E de sexo e opressões. nessa mesma semana, assisti à série da HBO, I May Destroy You,  (2020) ,por indicação do meu filho caçula, Daniel, que por acaso, aniversaria hoje, 29 anos, no dia 29/09. Número cabal!

A série é escrita, co-dirigida e protagonizada por Michaela Coel — que também é diretora executiva da obra. Desde a abertura, a personagem Arabella, com sua peruca rosa, apresenta uma trama vertiginosa, protagonizada por um elenco majoritariamente negro, com corpos diversos e subjetividades que, só estamos acostumados a ver representadas na vida dos brancos.

Em ritmo  frenético e fragmentado, temos  uma jovem escritora, que fala da sua geração, classificada como Millennial, e a sua obsessão por smartphones, internet, simultaneidades, e pelo engajamento por causas nobres: meio ambiente, racismo, feminismo. Também presentes, o tema da escrita, falta/criação de conteúdo, subversão da linguagem nesses tempos das máquinas, relação escritora/agentes/editor, temas esses que se confundem talvez, com a vida da própria Michaela.

Arabella é estuprada numa balada, e toda a série é uma busca dolorosa sobre refazer e descobrir o autor da violência, já que Arabella foi drogada e deixada em estado de flagelo.  A partir daí, temos flashbacks dos acontecimentos de uma jovem que sai pelas ruas Londrinas em busca de drinks and nights.

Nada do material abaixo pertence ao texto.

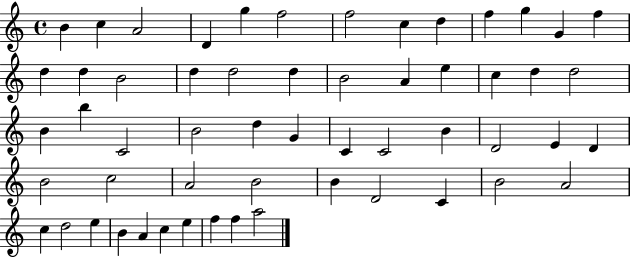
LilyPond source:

{
  \clef treble
  \time 4/4
  \defaultTimeSignature
  \key c \major
  b'4 c''4 a'2 | d'4 g''4 f''2 | f''2 c''4 d''4 | f''4 g''4 g'4 f''4 | \break d''4 d''4 b'2 | d''4 d''2 d''4 | b'2 a'4 e''4 | c''4 d''4 d''2 | \break b'4 b''4 c'2 | b'2 d''4 g'4 | c'4 c'2 b'4 | d'2 e'4 d'4 | \break b'2 c''2 | a'2 b'2 | b'4 d'2 c'4 | b'2 a'2 | \break c''4 d''2 e''4 | b'4 a'4 c''4 e''4 | f''4 f''4 a''2 | \bar "|."
}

A temática do estupro é um soco no estômago de todas nós. E dos homens também, pois durante a trama, nos aprofundamos na palavra, “Consentimento”, de todas as nuances do seu significado, e o que pode representar isso de acordo com as leis de cada país. No caso de Londres, Arabella tem todo um acompanhamento especializado de uma delegacia, como também de sessões terapêuticas, que a acolhe com indicações de fazer coisas boas: Yoga, pintar, dançar, e tantas outras coisas lúdicas, mas também para se renovar, se restabelecer, se reinventar psicologicamente. E alertas do cuidado de si! A presença da sua amiga Terry, para quem oferece seu primeiro livro, é um outro enfoque importante da história, o da sisterhood – no nascimento à morte, como as duas reafirma a cada brinde.

Arabella também frequenta um grupo de apoio para os violentados sexualmente. Numa de suas falas, poderosa e assertiva, Arabella afirma sobre o que seja a observação e violação dos limites na hora do sexo. De como os homens sabem e tem esse poder sobre os corpos femininos. Conhecem os meandros de todos os limites e sinais infringidos à revelia. Sinais esses também violentados nas relações gays. Arabella faz um alerta às mulheres e/ou gays e trans: precisamos sim, ter também esse poder de observação e controle, para nos protegermos  e nos anteciparmos. Auto Proteção!

A série é ágil, frenética e multicor (Arabella vestida para o Halloween, com a sua fantasia de anjo negro pelas ruas de Londres, é responsável por imagens distorcidas, hilárias e belas, reforçadas também pelos espelhos, pubs, underground clubbers, suas perucas coloridas, e seu andar andrógino). E conta uma história que atravessa milênios, mas de uma forma  original e do ponto de vista de uma jovem. Gostei de conhecer essa geração, suas questões e formas de lidar com as loucuras e também violências da vida sexual. Infelizmente, uma violência/dor/trauma do estupro, que continuam as mesmas.

Nunca é demais falar de estupro. Ele pode sim, destruir você!